Жак вонзил его в сердце Джеймса. Ему было тогда одиннадцать лет.
Он продолжил свою чудовищную исповедь:
— Откуда мне было знать, что Нептун найдет в пшеничном поле труп этого ненормального старика? Пока ты бегала за матерью, я перетащил тело. Всего на несколько метров. Вроде бы так, ведь сколько лет прошло… Ты даже не представляешь, какой он был тяжеленный. Я уж думал, не справлюсь. Вы с матерью прошли от меня в двух шагах. Если бы ты повернула голову в мою сторону… Но ты ее не повернула. Я думаю, на самом деле ты не хотела знать правду. В общем, ты меня не заметила и твоя мать тоже. Это было чудо, понимаешь, чудо! Знак судьбы! Начиная с того дня я понял, что больше со мной ничего не может случиться. Что я исполню свою миссию. На следующую ночь я закопал тело посреди поля. Нелегкая работа для мальчишки, уж ты мне поверь. Потом сжег понемножку все его барахло — мольберты, холсты… Оставил только ящик для красок. Как доказательство того, на что я способен ради тебя. Представляешь, Фанетта, ведь мне тогда не исполнилось и одиннадцати! Вот какой у тебя появился ангел-хранитель!
Жак не давал мне вставить ни слова. Он ерзал, пытаясь подняться повыше, но вместо этого миллиметр за миллиметром сползал по подушке вниз.

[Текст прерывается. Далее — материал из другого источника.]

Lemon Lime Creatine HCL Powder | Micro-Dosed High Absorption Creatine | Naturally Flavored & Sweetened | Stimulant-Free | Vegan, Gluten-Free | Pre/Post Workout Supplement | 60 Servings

— Да я шучу, Фанетта. На самом деле это было не так уж трудно, даже для мальчишки. Твой Джеймс был беспомощный старик. Иностранец. Американец, упустивший шанс познакомиться с Моне. Он опоздал на целых десять лет. Жил как бездомный бродяга. Никто не обращал на него внимания. В тридцать седьмом году у людей были другие заботы. Тем более что за несколько дней до этого на барже, прямо напротив Живерни, обнаружили труп испанского рабочего. Полиция занималась только этим убийством. В конце концов они поймали преступника, но позже, через несколько недель. Им оказался моряк из Конфлана…
Морщинистая рука Жака шарила по постели, ища мою руку, но хватала только пустоту.
— Знаешь, Фанетта, я рад, что все это тебе рассказываю. Мы с тобой прожили спокойную жизнь. Долгую и спокойную. Вспомни, мы же выросли вместе. Потом мы на несколько лет разлучились, когда ты уехала учиться в педагогический в Эврё, но потом вернулась в Живерни и стала работать учительницей. В нашей школе! В пятьдесят третьем мы обвенчались в церкви Святой Радегунды. Все было замечательно. Твоему ангелу-хранителю стало нечего делать…
Жак снова рассмеялся. Я слышала этот смех в нашем доме почти каждый день — когда он смотрел телевизор или читал газету. Этот густой жирный смех. Как же я раньше не догадалась, что так может смеяться только чудовище?
— Но дьявол не спит, правда, Стефани? И он подослал к тебе Жерома Морваля. Помнишь Морваля? Нашего с тобой одноклассника в начальной школе? Ты звала его Камилем, толстяком Камилем. Отличник! Тщеславный дурак! В школе ты его не любила, но ведь он здорово изменился. В конце концов сумел захомутать эту вечную плаксу, Патрисию. Ее ты окрестила Мэри — в честь Мэри Кассат… Но вскоре толстяку Камилю одной Патрисии показалось мало. Да, он сильно изменился. Деньги, что ты хочешь. Деньги кого угодно изменят. Купил лучший дом в Живерни, стал задирать нос. А кое-кому из девушек казался привлекательным. Вообще-то, он изменял жене налево и направо. В Живерни все про это знали, и Патрисия знала. Дошло до того, что она наняла частного детектива, чтобы за ним шпионить. Бедняжка Патрисия! А Морваль чуть не лопался от важности! Научился болтать об искусстве, хвалился своими деньжищами, картины собирал! Но главное, Стефани, главное не это. Жером Морваль — по слухам, лучший хирург-офтальмолог Парижа, — вернулся в Живерни ради одной-единственной цели. Не за «Кувшинками» Моне, не за любой другой картиной, нет! Он вернулся за прекрасной Фанеттой, которая в школе в его сторону и не смотрела. Но теперь, когда колесо фортуны повернулось, толстяк Камиль решил, что настал его час…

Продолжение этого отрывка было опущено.